Mas é também “uma grande lição”: “A história [recente] do Crivelli mostra bem que os proprietários não ganham nada em confiar no Estado”, diz referindo-se aos 10 herdeiros que ao longo de anos não conseguiram a desclassificação dessa importante pintura renascentista, acabando por a vender ao conhecido empresário Miguel Pais do Amaral que, por sua vez, conseguiu rapidamente fazê-la sair do país a preço superior.

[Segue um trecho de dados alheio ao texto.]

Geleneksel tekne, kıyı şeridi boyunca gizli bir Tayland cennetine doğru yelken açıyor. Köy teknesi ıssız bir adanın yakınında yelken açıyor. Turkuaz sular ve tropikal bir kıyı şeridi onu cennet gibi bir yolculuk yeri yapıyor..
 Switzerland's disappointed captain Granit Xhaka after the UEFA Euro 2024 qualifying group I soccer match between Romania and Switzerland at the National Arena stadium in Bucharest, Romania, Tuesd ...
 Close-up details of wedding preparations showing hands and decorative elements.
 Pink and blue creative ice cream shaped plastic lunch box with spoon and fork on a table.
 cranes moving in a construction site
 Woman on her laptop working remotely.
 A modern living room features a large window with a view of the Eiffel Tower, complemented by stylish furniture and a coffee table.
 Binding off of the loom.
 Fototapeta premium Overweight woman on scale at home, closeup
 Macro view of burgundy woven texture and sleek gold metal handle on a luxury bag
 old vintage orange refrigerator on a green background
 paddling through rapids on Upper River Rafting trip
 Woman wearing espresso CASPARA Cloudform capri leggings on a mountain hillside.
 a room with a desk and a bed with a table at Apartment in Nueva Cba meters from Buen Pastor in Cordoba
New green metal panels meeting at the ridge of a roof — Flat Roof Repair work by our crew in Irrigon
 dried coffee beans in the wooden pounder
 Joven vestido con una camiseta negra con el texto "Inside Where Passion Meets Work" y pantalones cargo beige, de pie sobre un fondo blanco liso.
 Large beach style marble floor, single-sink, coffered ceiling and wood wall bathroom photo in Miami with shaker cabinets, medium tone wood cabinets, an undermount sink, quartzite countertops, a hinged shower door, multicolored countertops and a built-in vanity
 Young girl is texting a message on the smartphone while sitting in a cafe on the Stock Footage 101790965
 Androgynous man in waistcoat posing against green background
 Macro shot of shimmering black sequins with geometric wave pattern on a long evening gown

No actual contra-relógio para a salvaguarda de O Almoço do Trolha parece haver um consenso: o destino a dar a esta pintura-manifesto caso venha a ser adquirida pelo Estado. Sara Antónia Matos, directora do Atelier-Museu Júlio Pomar, refere não ter dúvidas de que deverá ficar numa colecção nacional – a do Museu do Chiado. É também a opinião de David Santos, o director desse museu, e de Pedro Lapa, o seu antecessor, hoje à frente do Museu Berardo.
Todos estes especialistas referem como a tela se juntaria assim ao também icónico Gadanheiro, uma tela que Pomar assinou pouco antes. Datada de 1945 e dada como momento inaugural para o movimento neo-realista, chegou ao museu em 1995 adquirida ao galerista e coleccionador Manuel de Brito. Retrata um trabalhador do campo a ceifar com a perspectiva e composição a distorcer-lhe o corpo e a dar protagonismo à sua ferramenta de trabalho: o próprio gadanho.
“O Almoço do Trolha é uma peça fundamental. Tem de entrar num museu e devia ser o Chiado”, diz Pedro Lapa, também historiador de arte. No Chiado, onde estão obras fundamentais da terceira geração modernista, ajudará a esclarecer a constelação das questões centrais dessa geração.
É no Chiado que está a pintura abstracta 02-44, de Fernando Lanhas, também conhecida como O Violino. É no Chiado que está também representado o movimento surrealista, o Joaquim Rodrigo abstracto e Nadir Afonso. “O destino deverá sempre ser o Chiado”, repete Lapa.
No leilão da Correio Velho há um núcleo de 23 outras obras de Pomar, todas vindas da colecção de Manuel Torres. Entre os outros artistas a ir à praça estão Artur Bual, José Cargaleiro, Columbano, Costa Pinheiro, Eduardo Viana, Escada, João Hogan, Julião Sarmento, Lima de Freitas, Nadir Afonso, Paula Rego e Sá Nogueira.